Hurricane completed a prolonged individual flow test on the 205/21a-6 well at the end of January, then reverted to producing from both wells at progressively increasing rates in February. In March, the combined production rate was increased to approximately 20,000 bopd comprising 12,000 bopd from the 205/21a-6 well and 8,000 bopd from the 205/21a-7Z well, before downtime. This recent oil production rate has been associated with approximately 6,000 barrels of water per day, predominantly from the 205/21a-7Z well. The overall water cut for the quarter was approximately 17%. This level of water production is well within the capacity of the Aoka Mizu FPSO’s installed water handling facilities.
These production rates have been achieved without the use of electrical submersible pumps (ESPs) and with the wells choked back to less than 50%, confirming the extraordinary productivity of these wells and the reservoir.

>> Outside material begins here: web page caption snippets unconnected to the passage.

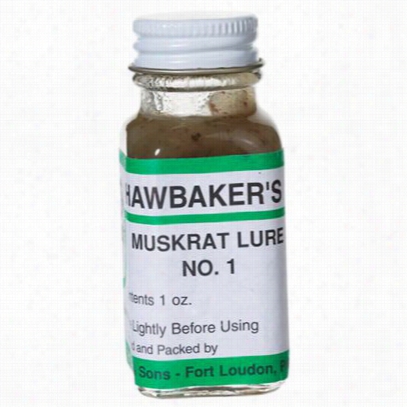 Hawbaker's Trapper Lryes And Scents - Muskrat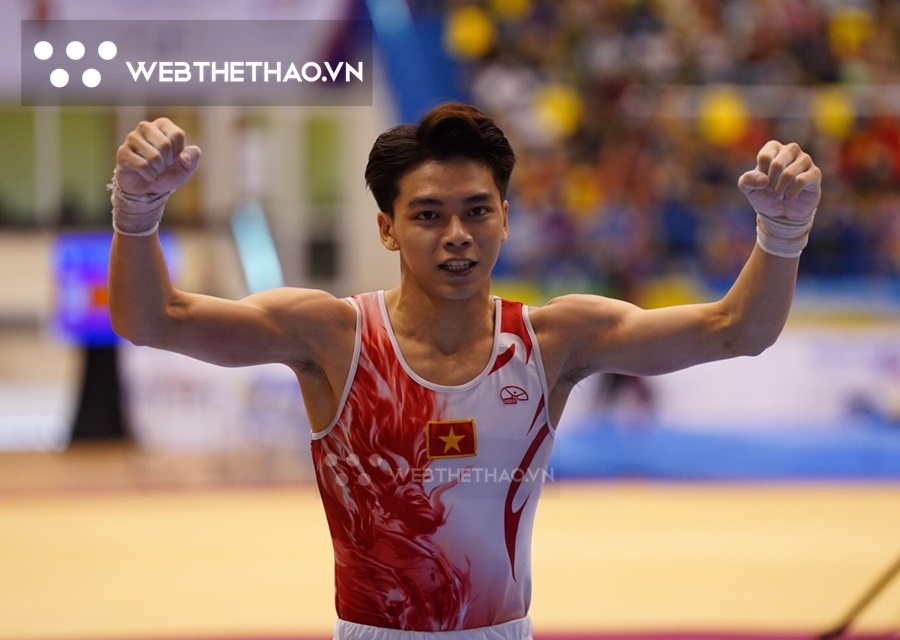 “Sao mai” TDDC Xuân Thiện tạo địa chấn: Đánh bại nhà VĐTG Carlo Yulo, giành HCV SEA Games 31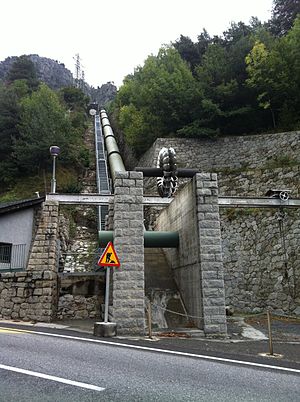 Trạm Thủy Điện Escaldes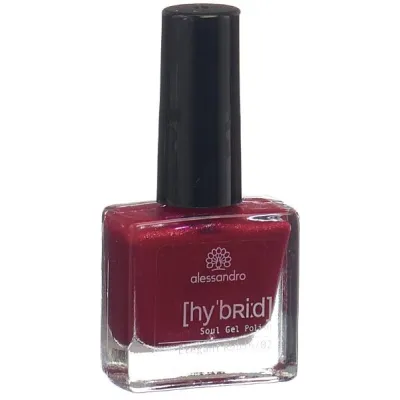 ALESSAN Hybrid Soul Gel Polish Elegant Ruby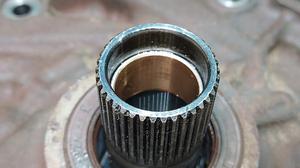 Насос масляный АКПП 35000-71420 G8 TOYOTA Hilux 35301-71010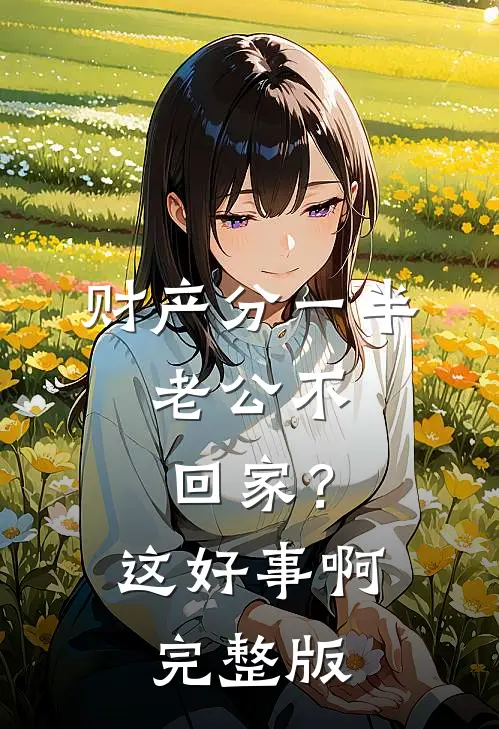 财产分一半，老公不回家？这好事啊完整版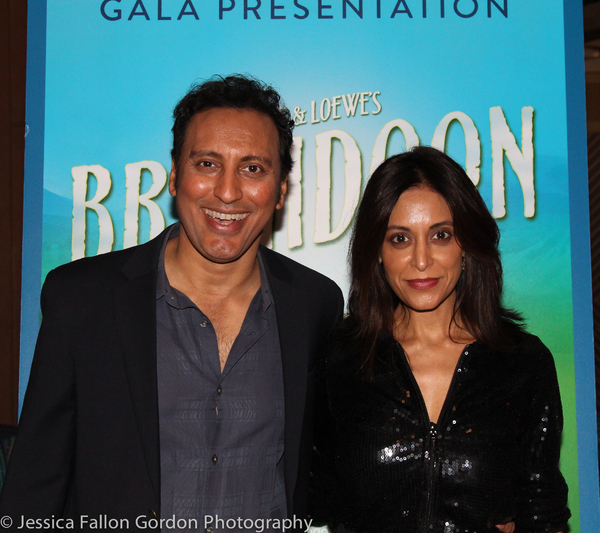 Photo Coverage: New York City Center Celebrates Fall Gala with the Cast of BRIGADOON! Image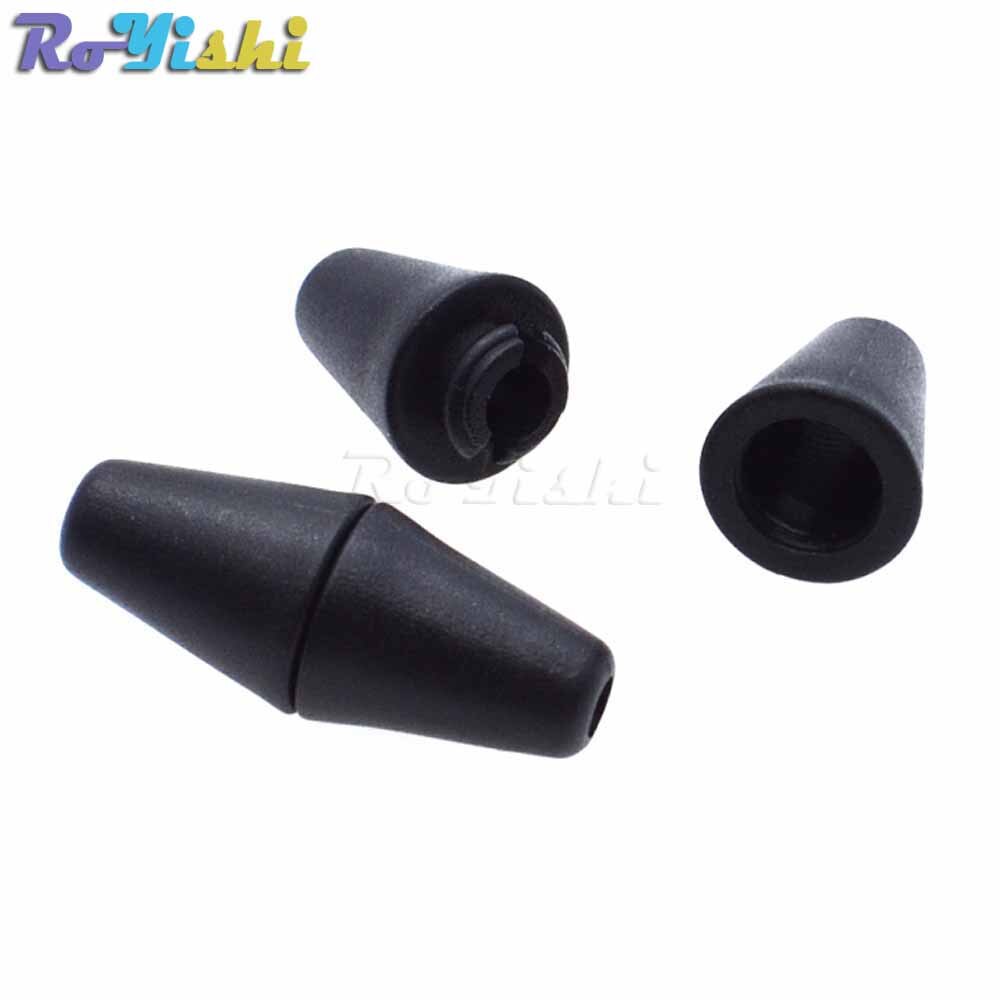 25pcs/pack Lanyard Safety Breakaway Pop Barrel Connectors For Ribbon Lanyards Cord Lock Stopper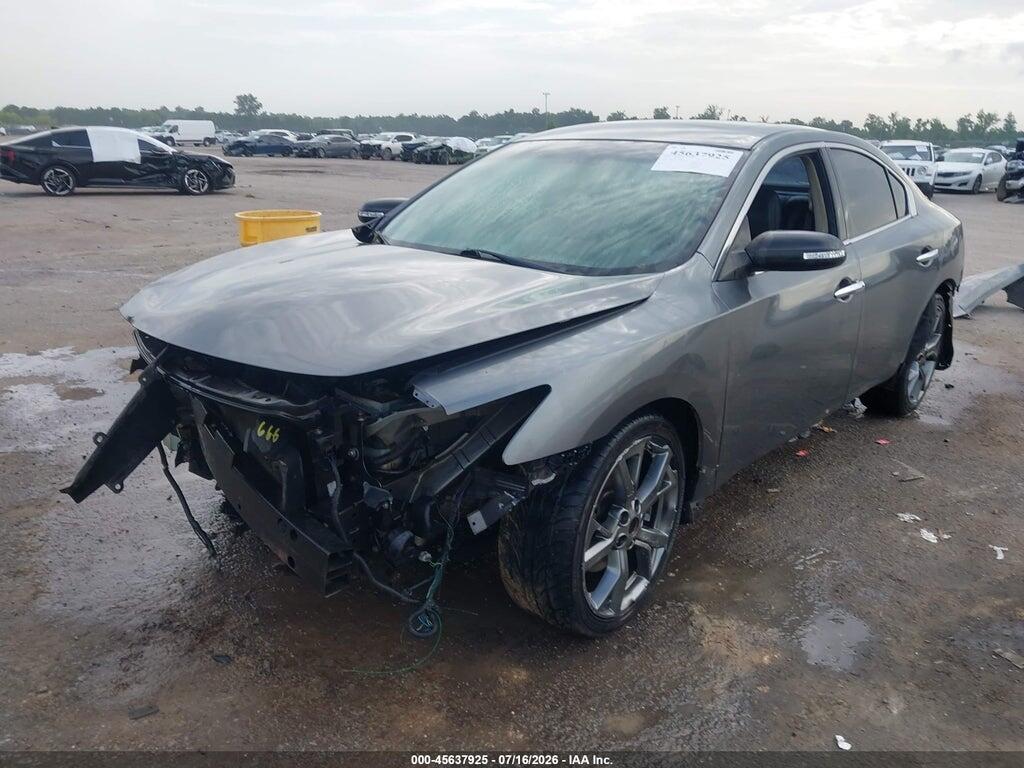 1N4AA5AP9EC452986 2014 NISSAN MAXIMA photo no. 2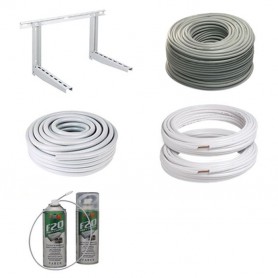 Kit installazione climatizzatore condizionatore 5 metri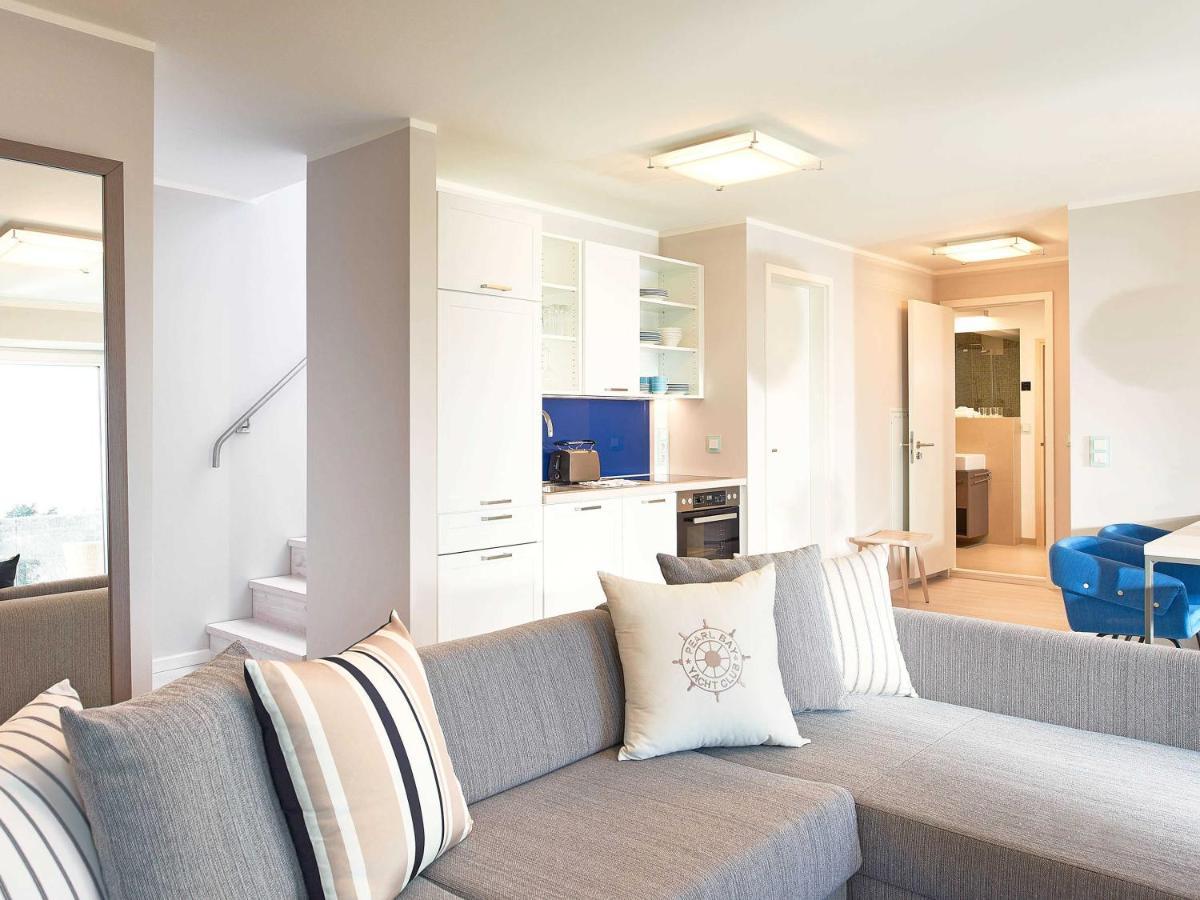 Strandresort Prora - Penthouse 504 Mit Meerblick Und Sauna 宾茨 客房 照片
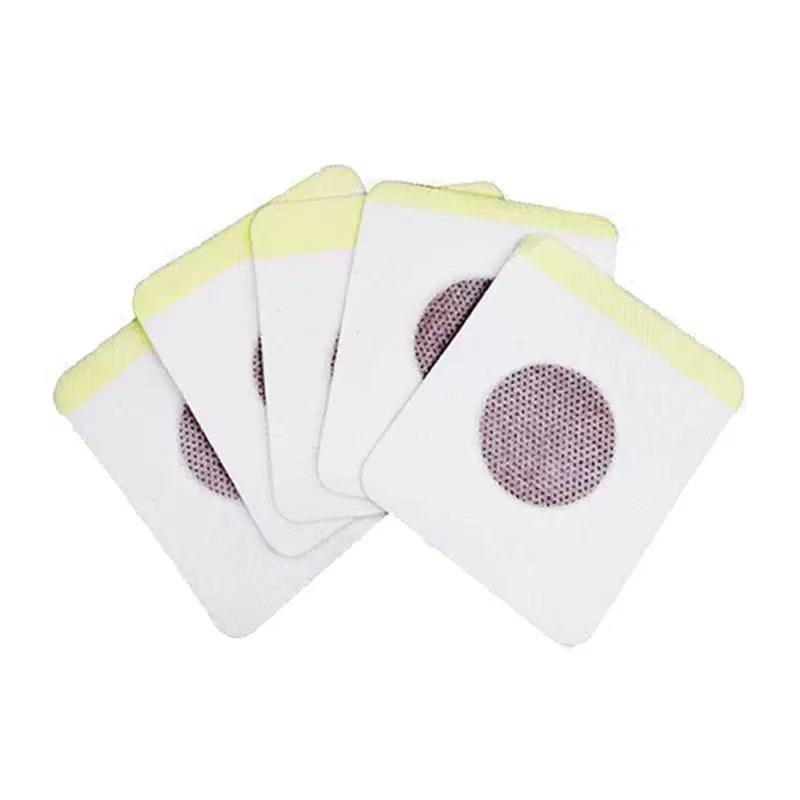 Sanfu Moxibustion Health Patch - Acupoint & Navel Hot Compress for Dampness Removal, Summer Home Use. High-Quality Patch: Single Naked Patch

There were three cargo liftings from the Aoka Mizu FPSO during the quarter. On 3 April 2020, the eleventh successful crude lifting took place taking total oil sales from the Lancaster EPS to 4.4 million barrels of oil.
Dr Robert Trice, Chief Executive of Hurricane, comments, “We are very pleased with the performance of the Lancaster EPS in Q1 2020. As at the end of March, the EPS has safely produced approximately 4.4 million barrels of oil since starting up last year. Despite the significant scale of these produced oil volumes, the Lancaster EPS is still very much in a data gathering phase, as we continue to better our understanding of this unique basement reservoir. Further testing at the current rates will be required before any trends can be confirmed and conclusions made about the long-term behaviour of the reservoir. Once trends have been established, it is anticipated that alternative combinations of well rates may be tested in order to establish the optimum long-term production configuration for the two wells.”
“Whilst water production rates have materially increased since start-up of the Lancaster EPS, Hurricane’s interpretation of water behaviour data has continued to support the Company’s perched water model. Although it is not possible to predict future changes in water cut at present, the combination of high productivity wells, potential for currently unused production support from ESPs, and water handling capacity of the Aoka Mizu FPSO give the company sufficient confidence to maintain its forward guidance at 18,000 bopd, net of 10% assumed downtime,” adds Trice.